一の鳥居には、矢印があって、ここから0.9kmとありました。まあ、20分くらい歩けばいいんでしょうか。
道は、山を旋回しながら上っていくようでした。平地に作られたお社ではないようです。
そりゃ、どいつもこいつも簡単にお参りできるようであれば、何だか天皇様も、そこまでカジュアルにしてほしくないよ、と思われたのか、それとも適当な平地がなかったのか、山の上にあるようです。
タクシーも上がっていったから、たぶん、観光客もいるようです。でも、私が駅を降りた時にはたったの4人しかいなかったんですよ。その中のオジサンみたいな人がタクシーで向かったのかなあ。
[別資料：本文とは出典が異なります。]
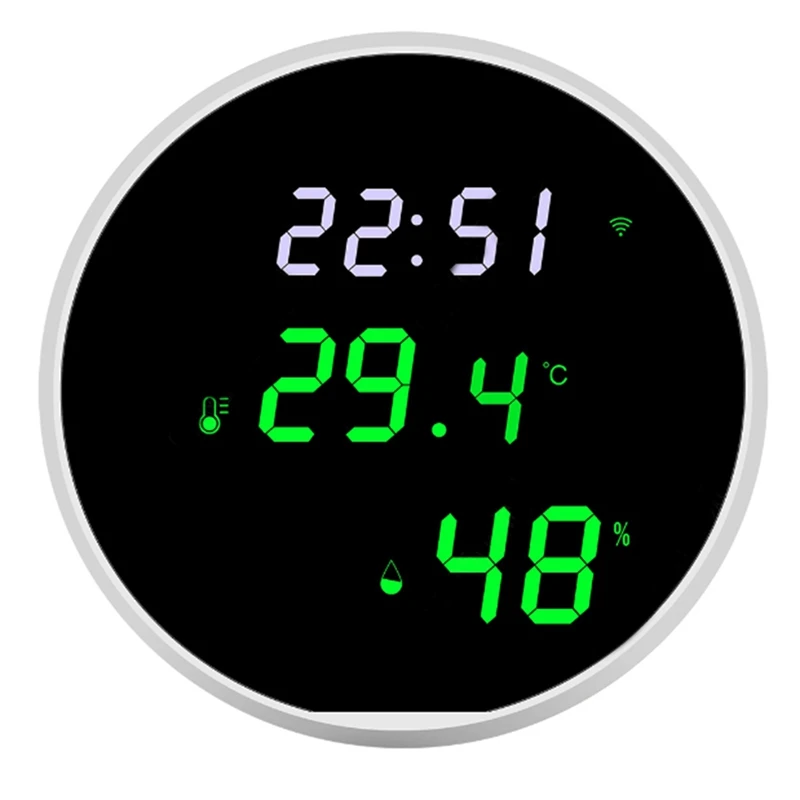 1Set Digital Indoor Temperature Humidity Sensor App Notification Alert +LED Backlit Display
気づくと、一緒に降りたはずの中年の女性もひとりで黙々と登っています。もう根競べです。行けるところまで行く。たったの0.9kmの坂道であれば、30分くらいしたら、たどり着けるはずでした。自分が数十メートル先行しているから、少しでも差をひらいてゴールインしたいじゃないですか。
誰も住んでいないような鉄筋の住宅の廃墟みたいなのが二棟ありました。廃墟に見えたけれど、ひょっとして住んでいる人もするかもしれない、そんなところもありました。駐車場がないみたいだから、こんな斜面の上の鉄筋住宅って、不自然な気はします。
いくつかの民家、製材関係の仕事場、杉の林、あれ、これはさっきの杉とは違う、ヒノキの林もある。どこまでも坂道は続きます。そして、道ばたに路上駐車したクルマ、乗ってきた人は? と見上げると、斜面の上にお墓が何段にもなって連なっていました。これはお墓の方が先にあったもので、そこに後から道路ができ、それではとお参りするのにクルマでひとり行ってみよう、ということなのか、坂道の狭いところでお墓のまわりを掃除しています。奥の方にも誰かいるようでしたが、それくらいにお墓として地域の人たちから思われてきた山の土地のようです。その上の方に後醍醐天皇さまが神様として君臨しておられる、というのは自然です。
平地はないのだから、人々のお墓の上の方を切り開けば、そこに鎮座していただけたら、それでいいわけでした。
道の脇に二番目の鳥居を見つけました。ここから参拝者は入っていくべきです。タクシーもここに止めるんだろうか。そういえば、歩いて参拝するだけなのでしょうか。クルマは他にないのか? こんなにだれもいないところ?
とりあえず、来ました。山のてっぺんではないようです。少し行けば頂点にたどり着くのかな。